Thursday, December 17, 2020

Surat Cinta Untuk Neng Hydra

Untuk meeting perencanaan, semua kembali ke merencanakan diri yang lebih nyaman di 2021. "we're always have time.. because we're attached with it.. so why feel running of time?.. it's only about re-position


Punya hak untuk menciptakan momen adalah salah satu ciri individu merdeka. Dalam ranah perjalanan saya, momen (zone to perform) bisa dicapai dari 3 hal, sinergi data, pola, dan respon (klik gambar untuk memperbesar). Hal itu tak terjadi jika kita dalam posisi tak setara, baik itu karena terikat kesepakatan yang oportunistik, atau sindikatif, atau bisa saja karena kekurangan 3 hal tadi yang menyebabkan kerugian terjadi pada kita. Dan satu hal yang sering sekali terjadi, saat ada dalam sebuah situasi perundungan (bully).

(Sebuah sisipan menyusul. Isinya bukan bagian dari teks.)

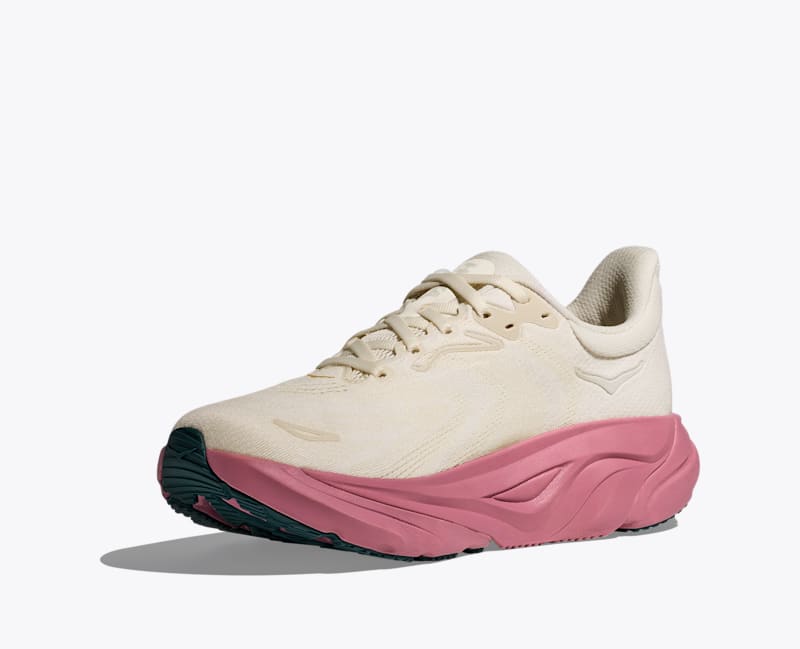 HOKA Women's Arahi 8 Shoes in Alabaster/Lingonberry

Hmm... untuk bully, akan jadi bab menarik dikaitkan dengan pola sosial di era digital. khususnya di edukasi. udah engage di beberapa kasus terindikasi bully, solusi terbaik= hijrah, atau "putus" saja rantainya.

Pengalaman saya belum ada solusi generik atau yang lebih sopan lainnya si. Oiya, "kebetulan" ini ada obat anti bully, sebuah soundtrack yang gue tulis saat ada di tim yang sedang attach dengan tetua Bajo. Di masyarakat Bajo, edukasi dan perjalanan/melangkah/berproses/journey adalah bagian dari "mengobati"... mengobati diri dan bumi.. sebuah proses yang menghasilkan budaya Iko-Iko, senandung petuah, seperti pupuh dalam budaya Jawa.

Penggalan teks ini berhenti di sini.